Department of Informatics and Telematics, Harokopio University of Athens, Greece.
National School of Public Health, Athens, Greece.
Comput Methods Programs Biomed. 2017 Jul;145:73-83. doi: 10.1016/j.cmpb.2017.04.011. Epub 2017 Apr 13.
Micro or macro-level mapping of cancer statistics is a challenging task that requires long-term planning, prospective studies and continuous monitoring of all cancer cases. The objective of the current study is to present how cancer registry data could be processed using data mining techniques in order to improve the statistical analysis outcomes.
Data were collected from the Cancer Registry of Crete in Greece (counties of Rethymno and Lasithi) for the period 1998-2004. Data collection was performed on paper forms and manually transcribed to a single data file, thus introducing errors and noise (e.g. missing and erroneous values, duplicate entries etc.). Data were pre-processed and prepared for analysis using data mining tools and algorithms. Feature selection was applied to evaluate the contribution of each collected feature in predicting patients' survival. Several classifiers were trained and evaluated for their ability to predict survival of patients. Finally, statistical analysis of cancer morbidity and mortality rates in the two regions was performed in order to validate the initial findings.

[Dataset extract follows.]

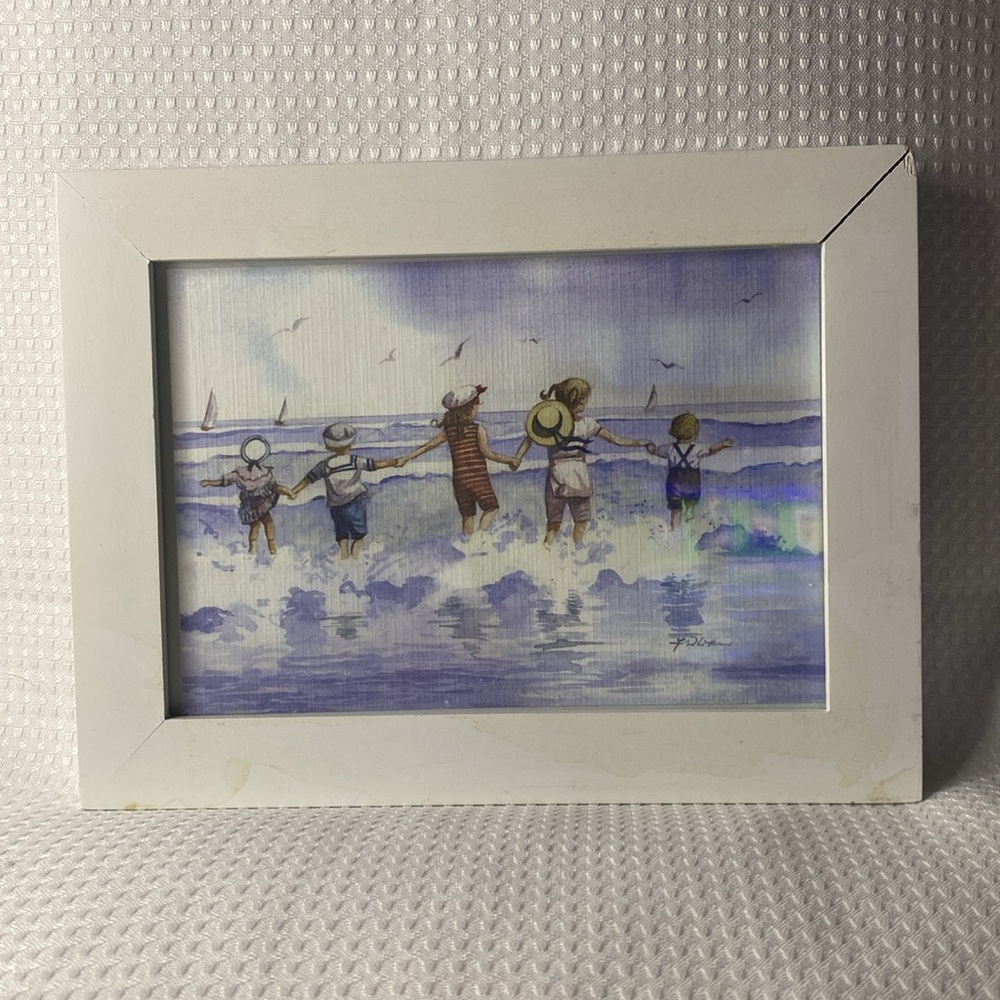 A Beachy Framed Print and Glass Photo Holder Decor Set - Picture 2 of 5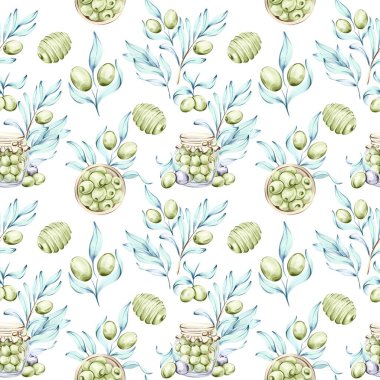 Sanat eserleri zeytin yağı kavanozları ve İtalyan mutfağının özünü gösteren yapraklarla süslenmiş kusursuz bir desen sunuyor. Yumuşak akan suluboya ile yapılan bu tasarım cazibesini yakalar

Several critical points in the process of data collection, preprocessing and analysis of cancer data were derived from the results, while a road-map for future population data studies was developed. In addition, increased morbidity rates were observed in the counties of Crete (Age Standardized Morbidity/Incidence Rates ASIR= 396.45 ± 2.89 and 274.77 ±2.48 for men and women, respectively) compared to European and world averages (ASIR= 281.6 and 207.3 for men and women in Europe and 203.8 and 165.1 in world level). Significant variation in cancer types between sexes and age groups (the ratio between deaths and reported cases for young patients, less than 34 years old, is at 0.055 when the respective ratio for patients over 75 years old is 0.366) was also observed.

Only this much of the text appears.